Acaba kendi haline bıraktığımızda yaşam vicdanla kendi kurallarını koyarak işlemeye devam edebilir mi? Doğa yasaları hâkim olduğunda gerçekten ‘kötülük problemimizi’ çözemez miyiz? Kendi haline bıraktığımızda adalet mekanizması güçlüden yana mı işler hep? Ya da içinde bulunduğumuz şu durumdan ne kadar daha adil olur?
Memnun olmadığımız bir düzeni düzeltmek mi? Yıkıp yeniden inşa etmek mi daha makul? Soruları çoğaltmak da mümkün elbette, ama en son soru “ne yapmalı” oluyor.
Ne yapmalı?
Bütün ataerkil yasaları kaldırmalı önce, içinde kutsallık mertebeleri bulunduran, imtiyaz tanıyan ya da pozitif ayrımcılık barındıran ifadeleriyle birlikte. Yaşam kendi kurallarını koyana dek, sistematik olarak serbest bırakılmalı…

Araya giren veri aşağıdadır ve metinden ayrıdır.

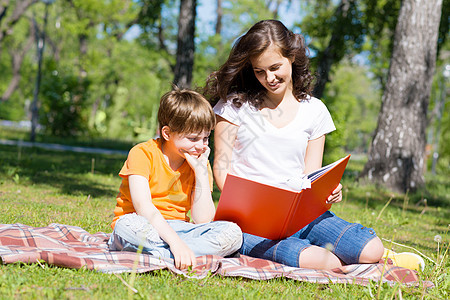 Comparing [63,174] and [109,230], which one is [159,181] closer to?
[109,230]

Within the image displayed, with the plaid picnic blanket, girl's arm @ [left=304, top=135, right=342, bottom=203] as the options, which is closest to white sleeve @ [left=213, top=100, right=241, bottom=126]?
girl's arm @ [left=304, top=135, right=342, bottom=203]

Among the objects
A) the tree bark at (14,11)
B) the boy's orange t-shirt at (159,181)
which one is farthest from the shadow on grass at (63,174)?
the tree bark at (14,11)

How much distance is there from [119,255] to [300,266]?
1020mm

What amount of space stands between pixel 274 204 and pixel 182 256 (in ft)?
1.79

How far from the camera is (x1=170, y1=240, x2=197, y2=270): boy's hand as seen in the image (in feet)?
8.34

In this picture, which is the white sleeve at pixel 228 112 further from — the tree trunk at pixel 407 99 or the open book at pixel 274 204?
the tree trunk at pixel 407 99

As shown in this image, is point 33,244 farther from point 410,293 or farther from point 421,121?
point 421,121

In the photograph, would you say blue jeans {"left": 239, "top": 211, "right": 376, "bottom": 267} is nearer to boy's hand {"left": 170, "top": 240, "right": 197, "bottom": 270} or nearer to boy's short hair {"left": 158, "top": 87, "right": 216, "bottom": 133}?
boy's hand {"left": 170, "top": 240, "right": 197, "bottom": 270}

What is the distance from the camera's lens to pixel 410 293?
2445 millimetres

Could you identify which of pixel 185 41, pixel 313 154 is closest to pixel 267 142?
pixel 313 154

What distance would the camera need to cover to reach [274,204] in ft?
8.38

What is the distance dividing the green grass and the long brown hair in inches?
47.7

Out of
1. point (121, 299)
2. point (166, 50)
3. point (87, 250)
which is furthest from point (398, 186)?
point (166, 50)

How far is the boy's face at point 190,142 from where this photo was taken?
2.83 meters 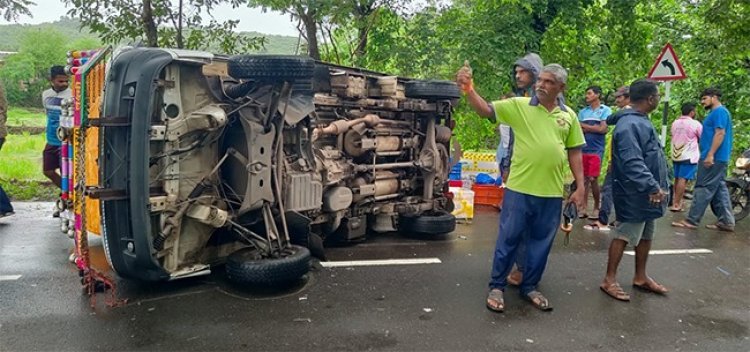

Yapabilir miyiz? Ne kadar ütopik!
Kölelerin alınıp satılması düzenlemesi ile başlar, efendilerin oy verme hakkını düzenleyen Yunan Hukuku. Bugün de aslında aynı ödevler ve haklardan oluşuyor. Pek bir şey değişmedi adaletin mantığında. Efendinin düzeninin devam etmesi için kölelerin birbirleriyle ilişkisini düzenlemekten öte değildir. Zira hukuk iktidarın fahişesidir ve yukarıyı hiç bağlamayan, efendinin çıkarları için değişen, ‘post’ zamanlarda zorlanması ile efendinin gözetiminde genişletilen, subap ayarı yapan düzenlemelerdir.
Egemenler sömürü düzenlerinin devamı için kurdukları dövüş arenasının içinde kalmamızı ve bunu kaçınılmaz görmemizi istiyorlar.
‘İhtiyacın’ gerektirdiği gömleğin nasıl değişeceği de toplumsal dönüşüm mekanizmaları eliyle oluyor. Bu sebeple de zamanın ruhuna uygun olarak toplumun canlı mekanizması olan eğitimde kendini gösteriyor ilk değişimler. Okula hayır sesleri daha bir gür çıkıyor.
C. Baker ve Makarenko gibi de değil üstelik. Baker yıllar önce söylemişti “Zorunlu Eğitime Hayır”ı ve bu anarşist söylem sistematik bir alternatif yaratmadığı için yaygınlaşmamıştı. Mevcut eğitim sistemine hayır derken, aynı sistematiklikte bir alternatif üretmemişti.
Makarenko biraz daha farklıydı elbette, örnek bir okulla ‘Yaşam Yolunu’ beraberinde de hayatı gösterdiği bir okul kurmuş ve öğrencileri ile Nazi Kampında son bulmuştu yaşamı. Daha sistematik olan bu yöntem de yine pratik olmadığı için yaşama uyarlanamamış, yaygınlaşamamıştı.
Aslında pratik ya da sistematik olmamalarından çok, mevcut otoritenin devam etmesi için oluşturulan hukuka ve tek tip insan üreten mevcut sistemin çarklarına uymamıştı bu eğitim denemeleri. Bu sebeple de yaşamalarına, geliştirilmelerine izin verilmedi.
Şimdilerde daha fazla ‘Okula Hayır’cılar türemekte. Bunların arasında, sistematiklikten ya da pratiklikten uzak olanlar olduğu gibi, postkapitalizmin değişen çarkına uygunluğu hedefleyen bireyler yetiştiren yapılar da bulunmakta. Okulu eleştirirken, özel alanlarda kurdukları kursları övmekte, eğitim sistemini eleştirirken, eğitimini yarım bırakmasıyla örnek verdikleri kişiler kapitalist düzen içinde en iyi alınteri yiyicileri olabilmektedir. Yani kral öldü yaşasın yeni kral demekteler.
Çark dişlisi bireyler yetiştiren kurumların hepsine hayır elbette. Ama ‘hayırlarımız’ın altını ‘neden’ sorusu ile doldurmadığımızda, kapitalizmin bir başka post çarkına dişli olmuş da olabiliriz. Bu düzenin dişlisi, yaşamını, kuzu postuna bürünen kurt olma becerisine borçludur çoğu zaman…
Kendi haline bırakıldığında insancıl hukukunu işletebilir insanoğlu. Vicdani özünü yakalamak için neden sorusu ile başlatabilir yeni yaşamını, bugünün eleştirisi ve yarının kurulmasında temel rotasını bulabilir.